# setting the directory
setwd('/Users/stp48131/Library/CloudStorage/Dropbox/WKU/Teaching/ECON_307/Class_Materials/Honors/Inferential_Statistics')
# loading the libraries
library(tidyverse)
library(readxl)

# loading the data
data <- read_xlsx('Inferential_Statistics_R.xlsx')

The t.test() function is useful for hypothesis testing and for generating confidence intervals. This function will generate all of the sample statistics necessary for the test and produce the confidence interval for any given level of confidence. This is much more efficient than working through each step manually.

We will generate a 95% confidence interval for the sales price of a home.

results<-t.test(data$SalesPrice,
                conf.level = c(.95)
                )

# extracting the confidence interval
results$conf.int
## [1] 145770.8 183762.5
## attr(,"conf.level")
## [1] 0.95

The 95% confidence interval for the sales price of a house is (145770.8, 183762.5)

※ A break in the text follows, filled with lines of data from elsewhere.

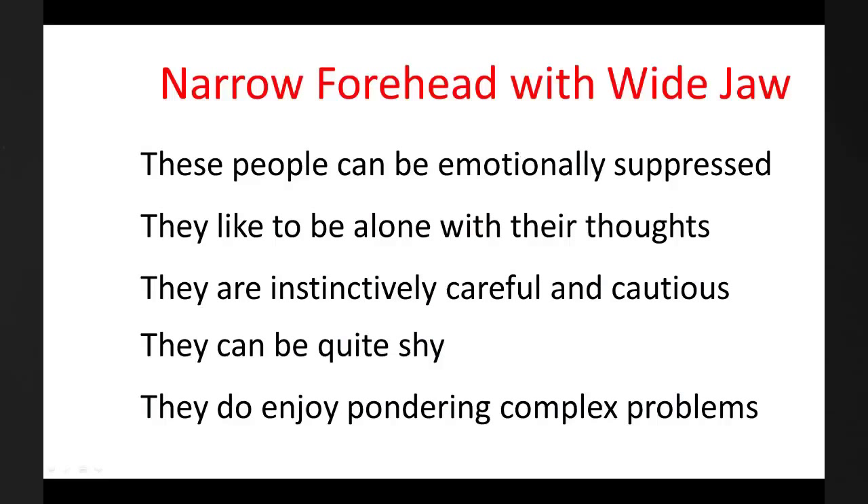They are composite shapes. The first is the narrow forehead with the wide jaw. This shape is easy to recognise because you will see a wide tight jaw and a high narrow forehead. These types generally are introverted, intuitive and really determined. These people can be emotionally suppressed and have a sense of loneliness.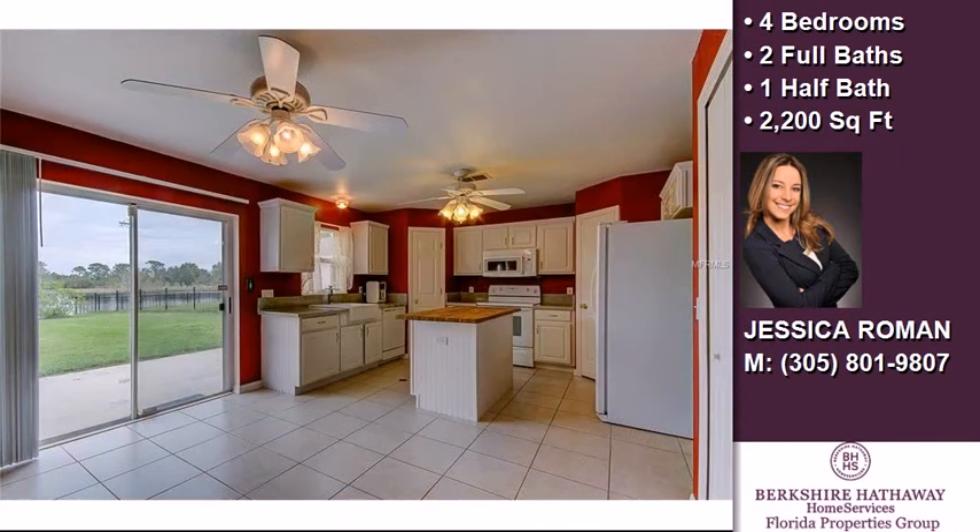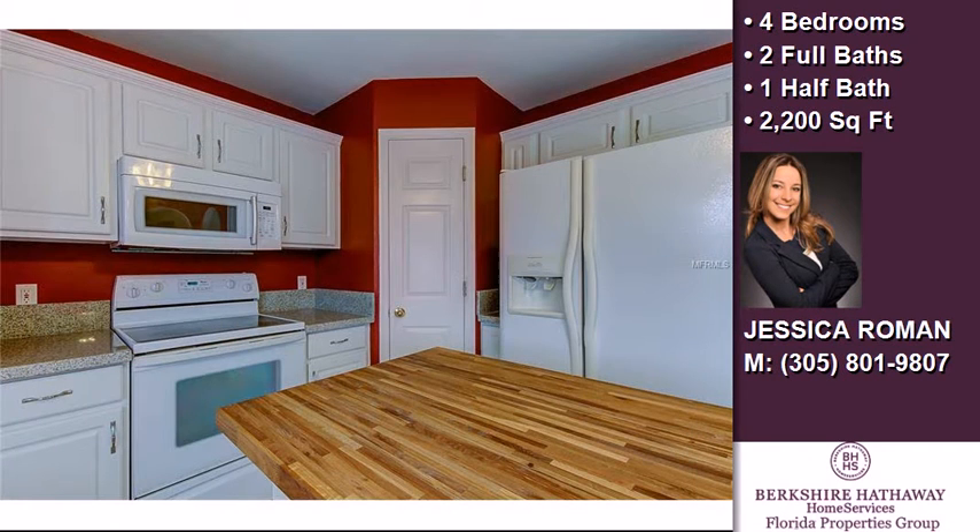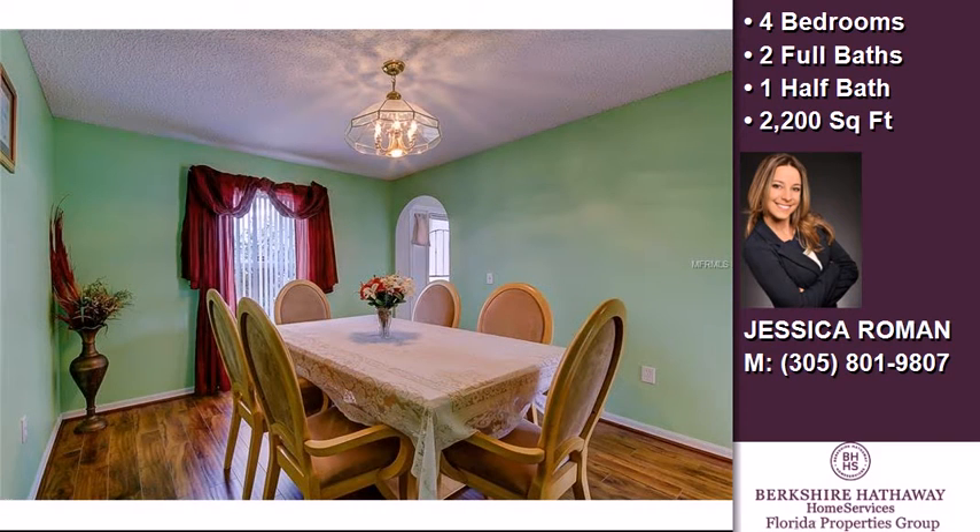The approximate square footage is 2,200 square feet. This property is represented by Jessica Roman with Prudential Tropical Realty.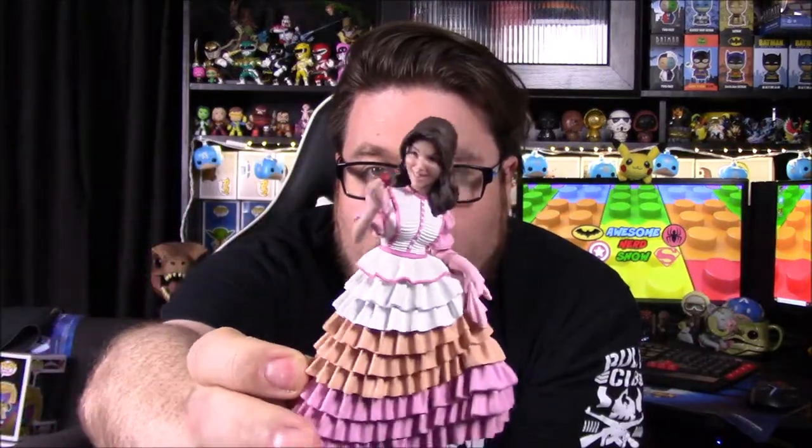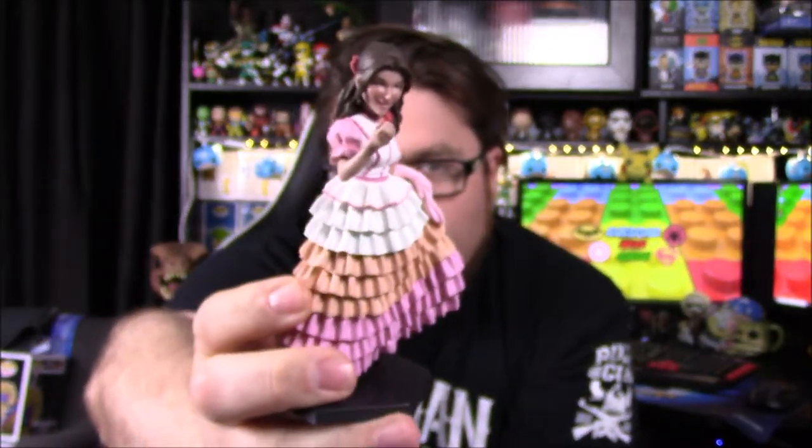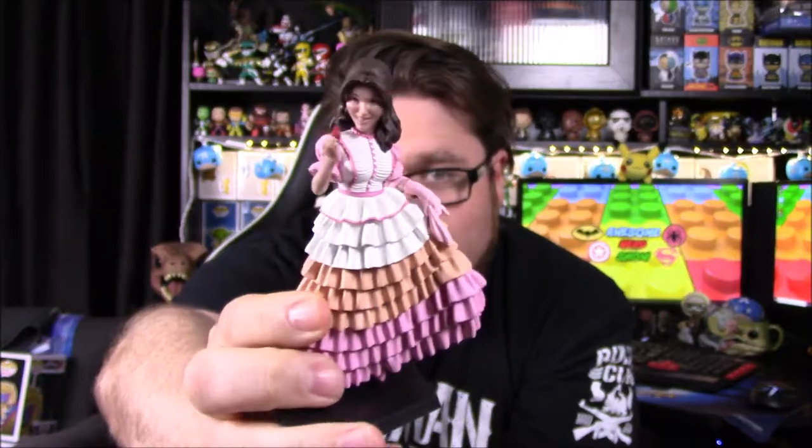Next item is our Mini Masters figure, and it's Kaylee in her fancy dress. Here we have Kaylee with a strawberry in her hand and her fancy dress — the one she wanted when Mal and her went to visit Inara on Inara's homeworld.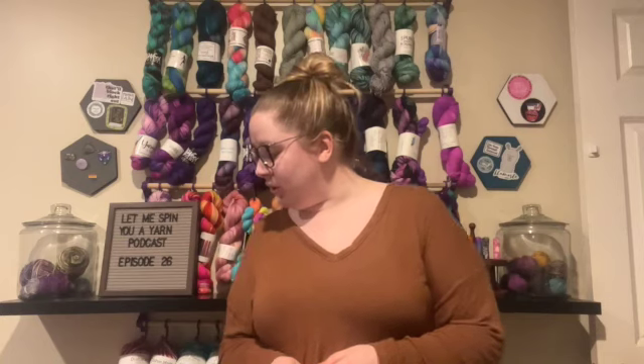Hi guys, welcome back to the Let Me Spin You a Yarn podcast. Today is episode 26. It's been about a month since I filmed a regular episode, so I've got a lot of FOs, a few WIPs, and no acquisitions today — which is not as big of a feat as it sounds if you saw my stash. So let's jump right into it — if you see me glancing down, I've got some notes.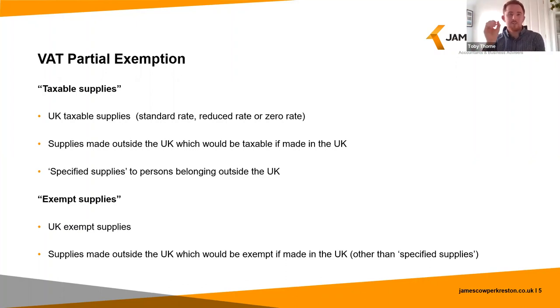For the purposes of this webinar I'm going to refer to all of these supplies as taxable supplies and the input tax on the related expenditure as taxable input tax. Input tax which relates to UK exempt supplies, or supplies that would be exempt if made in the UK — other than the specified supplies just mentioned — cannot be claimed unless below the de minimis limits, which I'll cover in more detail later on. I will refer to these in this webinar as exempt supplies and the related input tax as exempt input tax.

We can also use the t.test() function for hypothesis testing. The code below test the following hypothesis: \(H_0: \mu=185,000\), \(H_a: \mu \ne 185,000\)

t.test(data$SalesPrice,
       alternative = 'two.sided',
       mu=185000,
       paired=FALSE,
       var.equal = FALSE,
       conf.level = .95)
## 
##  One Sample t-test
## 
## data:  data$SalesPrice
## t = -2.4562, df = 8, p-value = 0.03955
## alternative hypothesis: true mean is not equal to 185000
## 95 percent confidence interval:
##  145770.8 183762.5
## sample estimates:
## mean of x 
##  164766.7

We reject the null hypothesis because the p-value is less than \(0.05\)

The code below test the following hypothesis: \(H_0: \mu=180,000\), \(H_a: \mu \ne 180,000\)

t.test(data$SalesPrice,
       alternative = 'two.sided',
       mu=180000,
       paired=FALSE,
       var.equal = FALSE,
       conf.level = .95)
## 
##  One Sample t-test
## 
## data:  data$SalesPrice
## t = -1.8493, df = 8, p-value = 0.1016
## alternative hypothesis: true mean is not equal to 180000
## 95 percent confidence interval:
##  145770.8 183762.5
## sample estimates:
## mean of x 
##  164766.7

We fail to reject the null hypothesis because the p-value is greater than 0.05.

The code below test the following hypothesis: \(H_0: \mu\le170,000\), \(H_a: \mu > 170,000\)

t.test(data$SalesPrice,
       alternative = 'greater',
       mu=170000,
       paired=FALSE,
       var.equal = FALSE,
       conf.level = .95)
## 
##  One Sample t-test
## 
## data:  data$SalesPrice
## t = -0.6353, df = 8, p-value = 0.7285
## alternative hypothesis: true mean is greater than 170000
## 95 percent confidence interval:
##  149448.5      Inf
## sample estimates:
## mean of x 
##  164766.7

We fail to reject the null hypothesis because the p-value is greater than 0.05.

The code below test the following hypothesis: \(H_0: \mu\ge190,000\), \(H_a: \mu < 190,000\)

t.test(data$SalesPrice,
       alternative = 'less',
       mu=190000,
       paired=FALSE,
       var.equal = FALSE,
       conf.level = .95)
## 
##  One Sample t-test
## 
## data:  data$SalesPrice
## t = -3.0632, df = 8, p-value = 0.007754
## alternative hypothesis: true mean is less than 190000
## 95 percent confidence interval:
##      -Inf 180084.8
## sample estimates:
## mean of x 
##  164766.7

We reject the nul hypothesis because the p-value is less than 0.05.